The income tax expense included in the accompanying consolidated statements of income consists of the following (in thousands):
 Three Months Ended
March 31,
 20232022
Current income tax expense$4,737 $2,861 
Deferred income tax expense (benefit)(194)285 
Income tax expense$4,543 $3,146 

The net deferred tax asset totaled $33.8 million at March 31, 2023 as compared to $34.7 million at December 31, 2022. The decrease in the net deferred tax asset is primarily the result of a decrease in unrealized losses in the AFS securities portfolio.  No valuation allowance was recorded at March 31, 2023 or December 31, 2022, as management believes it is more likely than not that all of the deferred tax asset items will be realized in future years. Unrecognized tax benefits were not material at March 31, 2023 or December 31, 2022.

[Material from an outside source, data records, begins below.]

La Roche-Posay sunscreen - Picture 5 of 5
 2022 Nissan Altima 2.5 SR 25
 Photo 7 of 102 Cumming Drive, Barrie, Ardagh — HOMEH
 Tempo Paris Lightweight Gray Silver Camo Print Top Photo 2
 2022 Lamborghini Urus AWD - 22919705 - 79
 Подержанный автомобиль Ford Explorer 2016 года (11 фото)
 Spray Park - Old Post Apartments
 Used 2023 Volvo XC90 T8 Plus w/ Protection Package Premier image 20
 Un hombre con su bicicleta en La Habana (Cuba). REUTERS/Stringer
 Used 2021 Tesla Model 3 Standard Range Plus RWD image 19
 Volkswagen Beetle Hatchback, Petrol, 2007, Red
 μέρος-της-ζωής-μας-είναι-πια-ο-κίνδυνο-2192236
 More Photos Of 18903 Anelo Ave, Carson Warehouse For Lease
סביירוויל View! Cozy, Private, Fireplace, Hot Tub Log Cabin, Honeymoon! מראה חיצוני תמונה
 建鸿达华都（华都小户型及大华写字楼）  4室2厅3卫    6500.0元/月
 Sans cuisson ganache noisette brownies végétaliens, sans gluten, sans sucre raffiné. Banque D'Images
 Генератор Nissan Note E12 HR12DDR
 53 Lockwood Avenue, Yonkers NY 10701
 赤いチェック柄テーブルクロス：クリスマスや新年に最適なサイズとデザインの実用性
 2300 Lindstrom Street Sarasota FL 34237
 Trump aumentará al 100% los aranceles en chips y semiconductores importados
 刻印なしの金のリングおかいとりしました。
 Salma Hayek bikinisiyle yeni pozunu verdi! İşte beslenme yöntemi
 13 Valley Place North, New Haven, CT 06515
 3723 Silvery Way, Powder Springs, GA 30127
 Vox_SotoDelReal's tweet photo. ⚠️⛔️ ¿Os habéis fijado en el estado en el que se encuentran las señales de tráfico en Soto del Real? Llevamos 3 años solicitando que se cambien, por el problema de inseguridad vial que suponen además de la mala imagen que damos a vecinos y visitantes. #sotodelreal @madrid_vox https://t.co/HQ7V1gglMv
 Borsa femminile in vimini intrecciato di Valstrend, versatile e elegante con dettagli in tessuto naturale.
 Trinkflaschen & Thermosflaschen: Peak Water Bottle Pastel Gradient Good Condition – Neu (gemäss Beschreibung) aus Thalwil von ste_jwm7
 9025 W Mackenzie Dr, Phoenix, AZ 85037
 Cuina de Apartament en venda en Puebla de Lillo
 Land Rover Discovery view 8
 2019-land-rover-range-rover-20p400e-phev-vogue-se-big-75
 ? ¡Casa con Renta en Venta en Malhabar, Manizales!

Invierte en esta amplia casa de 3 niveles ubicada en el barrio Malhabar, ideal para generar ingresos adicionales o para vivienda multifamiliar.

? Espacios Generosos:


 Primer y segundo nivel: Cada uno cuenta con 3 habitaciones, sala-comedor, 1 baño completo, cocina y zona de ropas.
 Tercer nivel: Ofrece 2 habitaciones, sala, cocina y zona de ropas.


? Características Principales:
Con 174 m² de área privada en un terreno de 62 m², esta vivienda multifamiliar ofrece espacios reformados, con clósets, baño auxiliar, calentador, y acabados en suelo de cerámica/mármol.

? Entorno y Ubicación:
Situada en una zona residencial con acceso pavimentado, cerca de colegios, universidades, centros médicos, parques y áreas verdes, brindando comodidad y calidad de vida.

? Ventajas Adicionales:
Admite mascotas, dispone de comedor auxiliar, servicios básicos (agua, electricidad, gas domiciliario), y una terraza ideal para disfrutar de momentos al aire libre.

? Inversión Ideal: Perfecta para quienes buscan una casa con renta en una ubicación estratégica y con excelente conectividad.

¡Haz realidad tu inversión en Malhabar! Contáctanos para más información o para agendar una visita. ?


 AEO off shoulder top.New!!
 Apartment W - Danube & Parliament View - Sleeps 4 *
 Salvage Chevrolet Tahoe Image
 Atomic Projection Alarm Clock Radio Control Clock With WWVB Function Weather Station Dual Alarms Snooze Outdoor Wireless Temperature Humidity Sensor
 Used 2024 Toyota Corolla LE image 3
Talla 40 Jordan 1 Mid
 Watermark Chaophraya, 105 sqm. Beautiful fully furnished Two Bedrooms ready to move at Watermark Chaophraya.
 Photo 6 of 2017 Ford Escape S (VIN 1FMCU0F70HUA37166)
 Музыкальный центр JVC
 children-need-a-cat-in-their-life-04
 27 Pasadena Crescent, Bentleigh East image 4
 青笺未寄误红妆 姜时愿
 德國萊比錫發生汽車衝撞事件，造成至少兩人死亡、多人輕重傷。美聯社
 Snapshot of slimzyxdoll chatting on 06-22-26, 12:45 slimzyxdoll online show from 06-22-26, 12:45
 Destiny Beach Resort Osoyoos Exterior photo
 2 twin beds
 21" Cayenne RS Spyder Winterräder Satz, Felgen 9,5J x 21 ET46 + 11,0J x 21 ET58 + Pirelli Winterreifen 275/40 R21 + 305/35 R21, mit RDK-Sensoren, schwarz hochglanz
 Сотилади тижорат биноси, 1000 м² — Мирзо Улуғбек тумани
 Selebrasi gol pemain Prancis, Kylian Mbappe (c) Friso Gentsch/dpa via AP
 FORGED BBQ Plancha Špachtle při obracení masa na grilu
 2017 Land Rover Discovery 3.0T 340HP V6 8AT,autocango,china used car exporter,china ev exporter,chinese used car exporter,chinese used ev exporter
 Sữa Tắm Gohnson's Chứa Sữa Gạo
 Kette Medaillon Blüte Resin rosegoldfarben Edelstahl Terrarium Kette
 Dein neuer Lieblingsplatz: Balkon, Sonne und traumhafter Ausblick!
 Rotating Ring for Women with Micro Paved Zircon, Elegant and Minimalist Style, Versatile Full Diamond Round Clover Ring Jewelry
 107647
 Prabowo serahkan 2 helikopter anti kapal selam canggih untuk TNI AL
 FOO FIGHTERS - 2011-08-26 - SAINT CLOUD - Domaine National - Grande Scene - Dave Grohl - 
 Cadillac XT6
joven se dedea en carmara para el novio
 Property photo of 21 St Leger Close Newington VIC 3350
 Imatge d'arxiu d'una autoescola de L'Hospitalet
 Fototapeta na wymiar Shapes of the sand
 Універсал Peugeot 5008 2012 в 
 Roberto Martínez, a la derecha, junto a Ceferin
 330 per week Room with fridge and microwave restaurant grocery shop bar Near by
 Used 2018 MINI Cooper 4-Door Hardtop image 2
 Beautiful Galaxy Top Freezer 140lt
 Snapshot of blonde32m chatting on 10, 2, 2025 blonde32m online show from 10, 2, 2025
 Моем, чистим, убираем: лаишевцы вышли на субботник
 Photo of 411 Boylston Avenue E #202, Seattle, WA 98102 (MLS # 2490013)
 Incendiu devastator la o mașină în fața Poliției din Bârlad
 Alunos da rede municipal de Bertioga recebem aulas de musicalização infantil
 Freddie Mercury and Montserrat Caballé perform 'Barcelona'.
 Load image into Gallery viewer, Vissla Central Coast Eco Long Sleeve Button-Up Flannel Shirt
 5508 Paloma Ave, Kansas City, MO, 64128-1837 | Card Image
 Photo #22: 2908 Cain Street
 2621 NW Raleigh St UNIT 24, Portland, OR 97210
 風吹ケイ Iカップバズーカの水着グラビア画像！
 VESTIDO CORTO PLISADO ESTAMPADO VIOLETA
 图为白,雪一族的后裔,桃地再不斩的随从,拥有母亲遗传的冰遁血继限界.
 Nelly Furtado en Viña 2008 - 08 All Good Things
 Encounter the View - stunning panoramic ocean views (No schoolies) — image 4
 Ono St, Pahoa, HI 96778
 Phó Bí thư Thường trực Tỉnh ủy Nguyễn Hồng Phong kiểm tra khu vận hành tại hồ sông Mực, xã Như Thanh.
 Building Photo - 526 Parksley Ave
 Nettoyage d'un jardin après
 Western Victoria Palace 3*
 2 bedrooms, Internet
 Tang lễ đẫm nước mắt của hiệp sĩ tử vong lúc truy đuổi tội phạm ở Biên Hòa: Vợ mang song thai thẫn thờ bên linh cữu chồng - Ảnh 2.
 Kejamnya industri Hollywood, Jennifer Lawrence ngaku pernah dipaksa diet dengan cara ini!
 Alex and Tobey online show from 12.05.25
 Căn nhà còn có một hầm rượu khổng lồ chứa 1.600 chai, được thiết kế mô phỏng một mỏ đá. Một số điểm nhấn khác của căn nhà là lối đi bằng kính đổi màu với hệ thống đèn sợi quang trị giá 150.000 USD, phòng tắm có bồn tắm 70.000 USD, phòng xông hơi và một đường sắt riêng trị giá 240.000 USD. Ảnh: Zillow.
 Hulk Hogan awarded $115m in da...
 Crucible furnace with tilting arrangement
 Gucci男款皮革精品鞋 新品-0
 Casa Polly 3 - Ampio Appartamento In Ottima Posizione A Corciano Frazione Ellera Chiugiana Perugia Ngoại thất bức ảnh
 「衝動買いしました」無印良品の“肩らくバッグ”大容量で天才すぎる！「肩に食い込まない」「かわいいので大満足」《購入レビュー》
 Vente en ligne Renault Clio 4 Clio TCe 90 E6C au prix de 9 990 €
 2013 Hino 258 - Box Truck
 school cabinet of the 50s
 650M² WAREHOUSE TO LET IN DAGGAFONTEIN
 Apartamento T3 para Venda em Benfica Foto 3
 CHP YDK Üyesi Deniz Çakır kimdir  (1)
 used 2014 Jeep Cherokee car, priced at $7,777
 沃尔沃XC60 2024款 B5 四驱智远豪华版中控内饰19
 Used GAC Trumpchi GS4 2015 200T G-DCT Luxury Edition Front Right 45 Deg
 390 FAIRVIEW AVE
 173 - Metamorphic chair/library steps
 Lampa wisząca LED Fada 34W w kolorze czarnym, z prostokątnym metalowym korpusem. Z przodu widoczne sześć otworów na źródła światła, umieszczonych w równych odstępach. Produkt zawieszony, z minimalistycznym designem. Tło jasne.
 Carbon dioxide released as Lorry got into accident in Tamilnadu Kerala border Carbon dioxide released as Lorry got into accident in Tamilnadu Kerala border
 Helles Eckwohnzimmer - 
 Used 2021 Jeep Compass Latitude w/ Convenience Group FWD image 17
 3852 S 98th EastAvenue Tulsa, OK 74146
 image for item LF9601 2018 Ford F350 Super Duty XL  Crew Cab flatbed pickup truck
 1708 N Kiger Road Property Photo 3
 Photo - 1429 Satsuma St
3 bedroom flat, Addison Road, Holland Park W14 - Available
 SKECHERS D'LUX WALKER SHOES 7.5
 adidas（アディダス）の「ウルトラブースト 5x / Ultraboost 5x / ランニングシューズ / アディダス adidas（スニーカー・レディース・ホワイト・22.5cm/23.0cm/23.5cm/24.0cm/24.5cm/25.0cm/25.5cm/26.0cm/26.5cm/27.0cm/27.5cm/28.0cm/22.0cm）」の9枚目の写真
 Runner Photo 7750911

We recognized income tax expense of $4.5 million for an ETR of 14.9% for the three months ended March 31, 2023, compared to income tax expense of $3.1 million, for an ETR of 11.2% for the three months ended March 31, 2022. The higher ETR for the three months ended March 31, 2023 was primarily due to a decrease in tax-exempt income as a percentage of pre-tax income as compared to the same period in 2022. The ETR differs from the statutory rate of 21% for the three months ended March 31, 2023 and 2022 primarily due to the effect of tax-exempt income from municipal loans and securities, as well as BOLI. We file income tax returns in the U.S. federal jurisdictions and in certain states. We are no longer subject to U.S. federal income tax examinations by tax authorities for years before 2019 or Texas state tax examinations by tax authorities for years before 2018.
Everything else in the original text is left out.